Furthermore, in the face of the dangers of “a radical, militant Islamism” and of “a certain Western civilization that is secularist, hedonist, sensualist, and consumerist,” the African and other regions in the world which strive to preserve the Faith are also in need of the Church's strong moral support and guidance. “If she [the Church] failed to do that, she would dangerously compromise the future of Christianity in these regions that are forcefully challenged today,” warns the bishop. He describes the African's duty “to set ourselves apart from that postmodern civilization”; and he sees that Europe, which “openly denies its Christian roots” thus “provides a fertile breeding ground, not only for the radical atheism of postmodernism, but also for a no less radical form of Islamism.” Adoukonou rightly speaks of the “original sin of postmodernity” to which the Church should not accommodate herself. And he insists: “We must be converted to God and ask the world to convert to God's mercy. It seems to us that there is no other way.”
In this context, the bishop strongly criticizes the Instrumentum laboris for its description of the Gospels as a burden, when he says: “Wherever the document depicts the Gospel as a burden or [as] an inaccessible ideal, it is impossible for it to point to it as the final goal toward which we would like to lead so-called 'cultural values' that are described, in an astonishing rhetorical turn, as 'seeds of the Word' (no. 99). An anthropology rooted in an obligatory atheism will never be able to arrive at the New Man that Christ represents.”
Moreover, when the working document speaks of a “new sensitivity” toward those couples who live in an irregular union (section 98), Adoukonou responds with a strong indignation:
“Has this new sensitivity that is supposedly part of pastoral practice today itself been discerned in the light of the Spirit of the Crucified that we just mentioned, or is it a norm derived from the formatting of postmodern man, who, as we know, is determined to fight against God?”
In his eyes, this section “contains elements that are highly debatable and even in contradiction with Catholic doctrine.” He wonders, for example, whether we now have to “affirm a 'new sensitivity' that is now normative, recognizing 'positive aspects' in sinful situations?” The same, according to Adoukonou, applies to the idea of suddenly or gradually “finding 'seeds of the Word' in cohabitation.” He rightly points out the problem of such an expression: “If it [a civilization] has rejected God and Jesus Christ, can we still speak logically about 'seeds of the Word'?” With this important question, Adounonou ends his essay.

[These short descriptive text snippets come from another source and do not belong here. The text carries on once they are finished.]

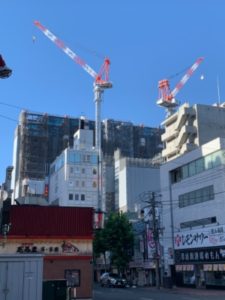 元ラフィラどこまで高くなるの？？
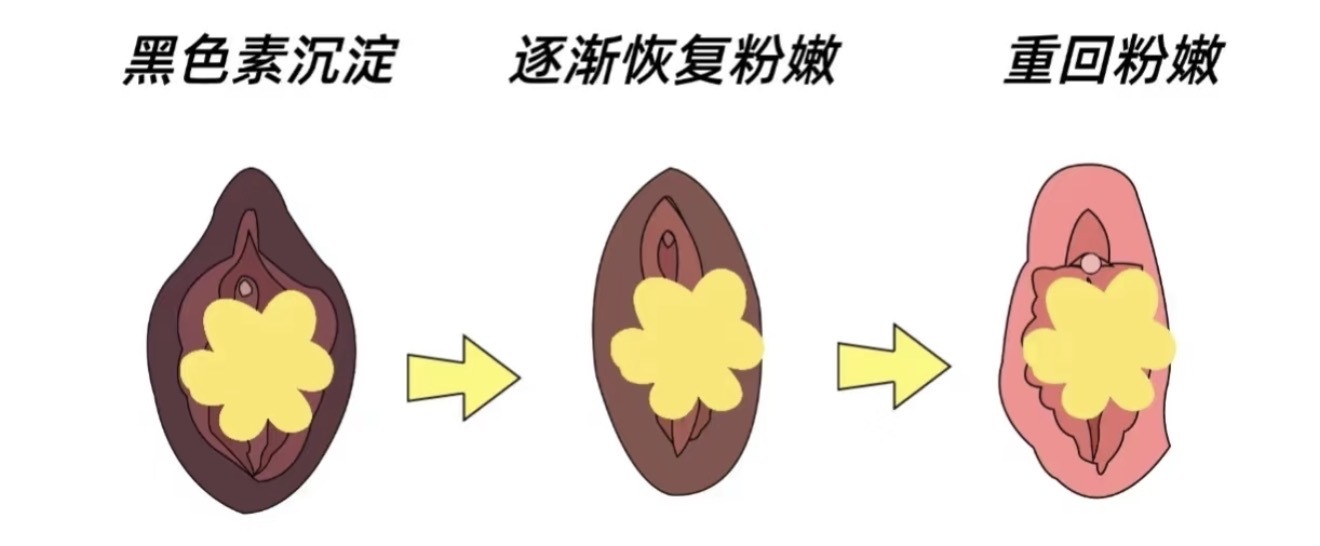 image_3134F164-FE35-4725-A4C1-8D9B4DA5C093_1770925160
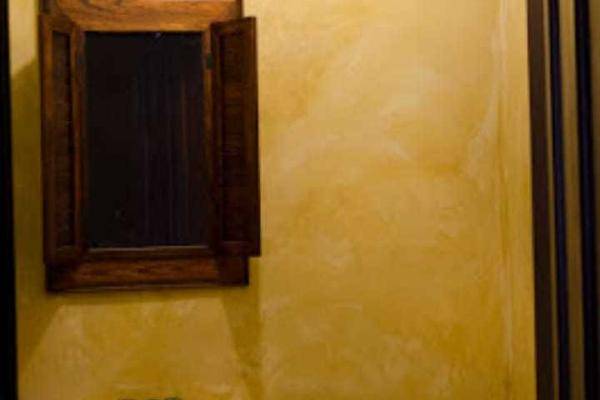 Foto de casa en avenida calabria , gran venecia, mexicali, baja california, 0 foto 03 Foto de casa en venta en avenida calabria , gran venecia, mexicali, baja california, 0 No. 03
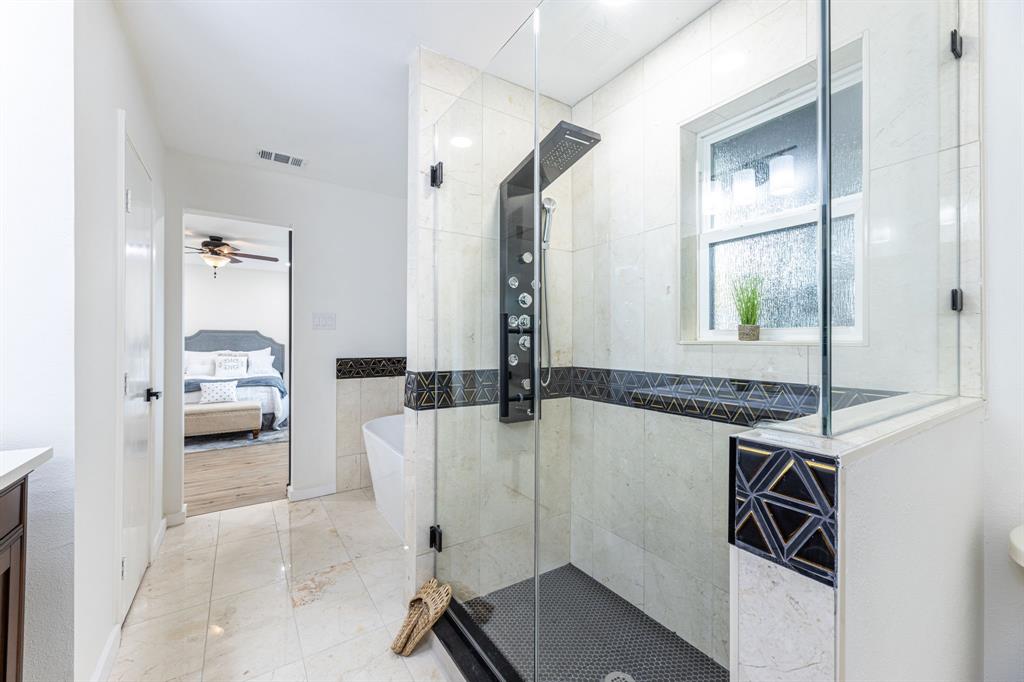 Chapel Downs Sec 02 - Residential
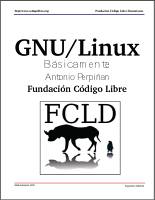 GNU/Linux básicamente - 200704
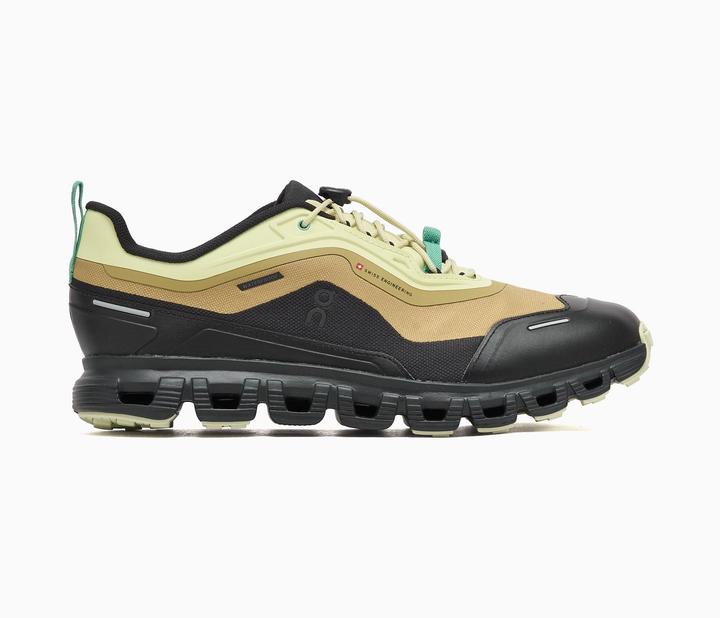 Produktbild On Running On Cloud 6 Geo Waterproof (40.5)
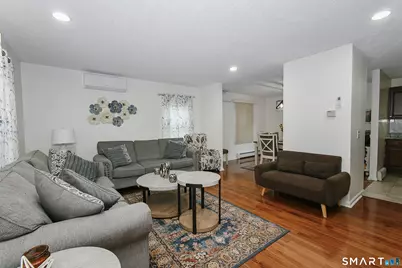148 Peck Road, Torrington, CT 06790 - Photo 3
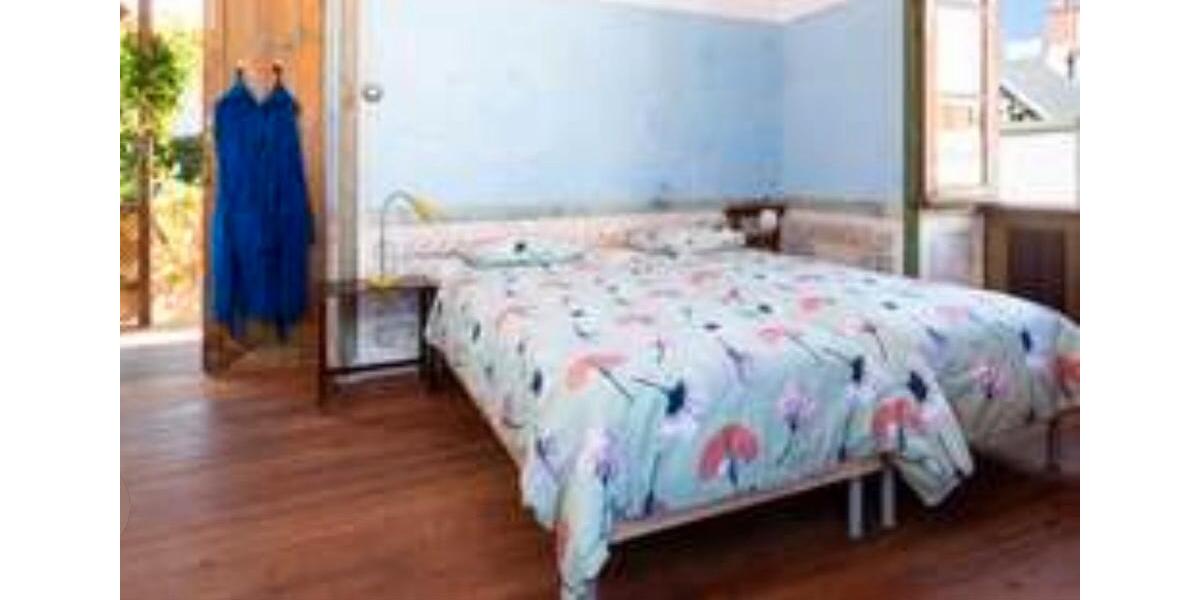 Einfamilienhaus Gießen Wieseck - 5 Zimmer, 150 m&sup2;, 1.400&euro; | Angebot:25957423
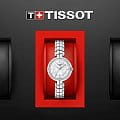 Tissot T0942101111100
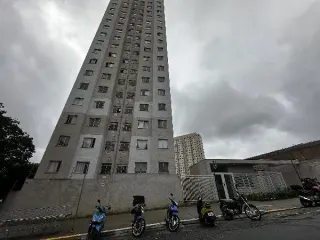 Imagem do imóvel AP61385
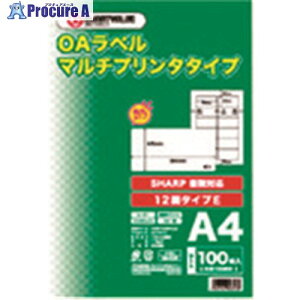 JTX 832106)OA}`xE 12100X5A130J5 A130J-5 1 196-3136 ysxρz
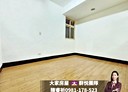 新莊區-福壽街3房2廳，23.8坪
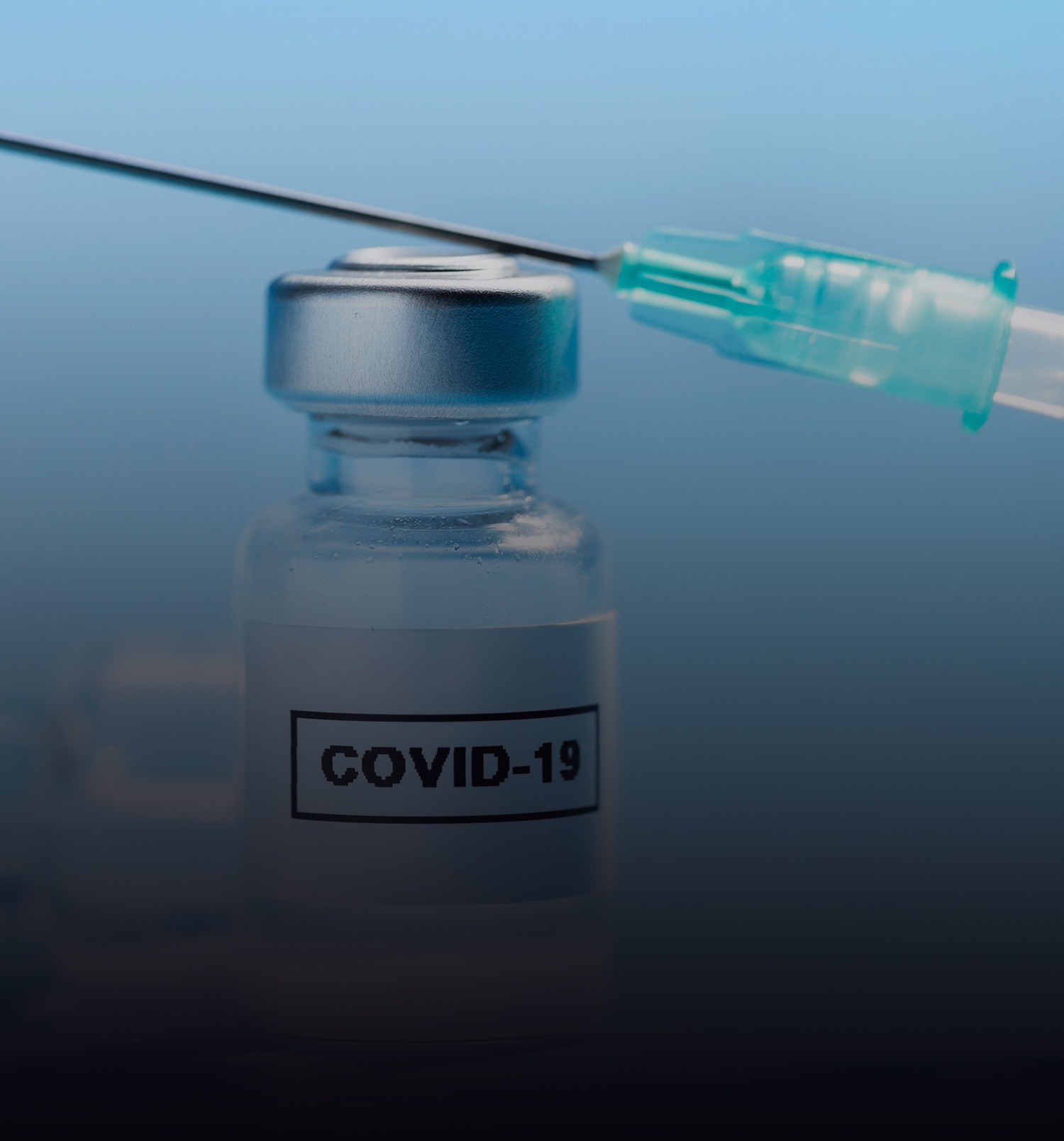 Implicaciones de la exitosa estrategia de Chile en la vacunación Covid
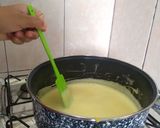 Foto del paso 11 de la receta: Mini choux 🥯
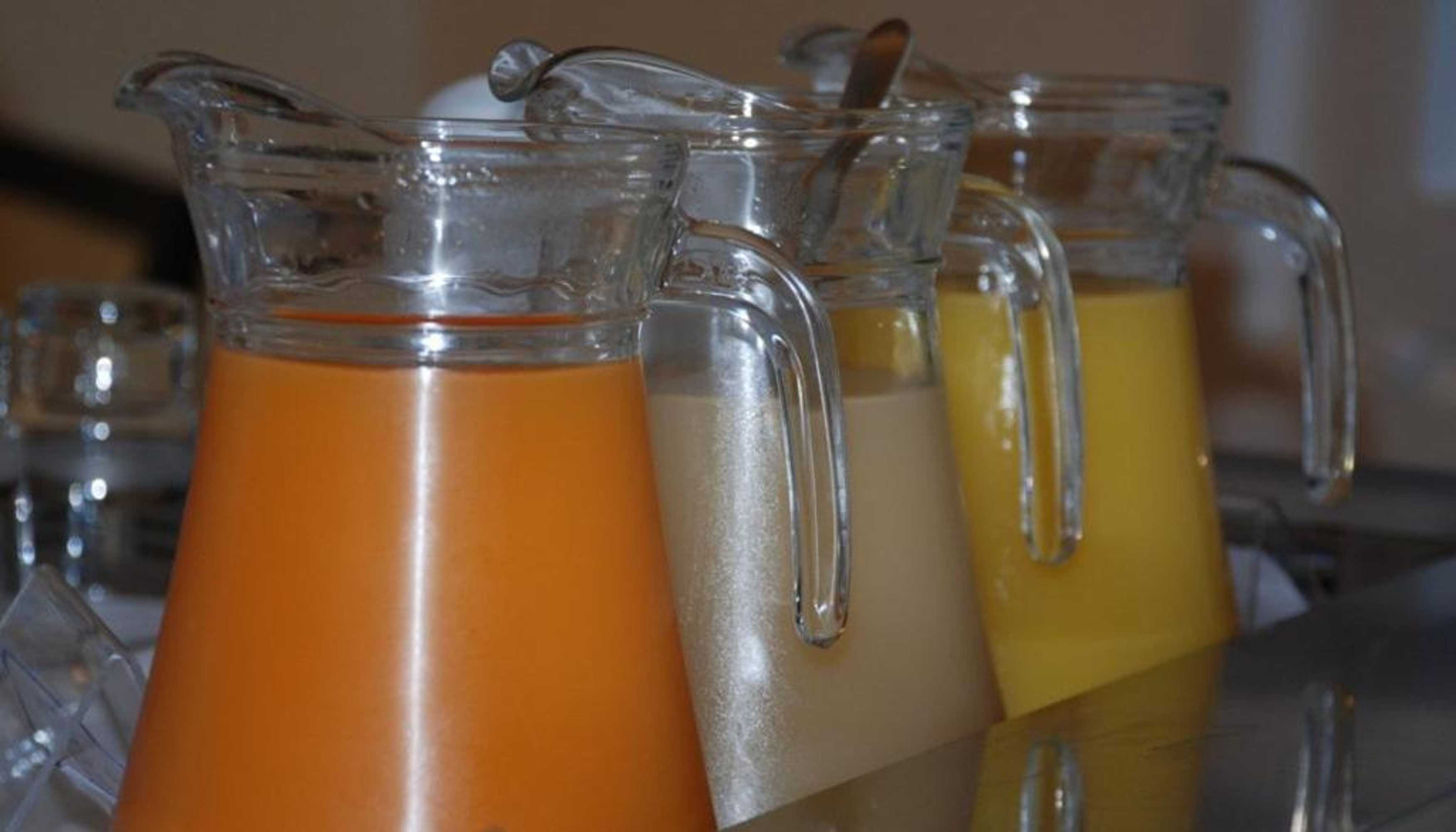 Gift card for Hotel Hamann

Catholics throughout the world can profit from these analyses by two wise African prelates whose starting point is Christ Crucified. With that criterion of the Faith in view, they more clearly see what is strikingly missing in these different Vatican documents that are meant to be preparatory for the upcoming Synod on the Family. Both Cardinal Sarah and Bishop Adoukonou ought to be especially honored for their strong Catholic witness and for their loyal love and courage to speak up against official Church documents that are, objectively speaking, one source of confusion and of even gradual disloyalty to the teaching of Christ.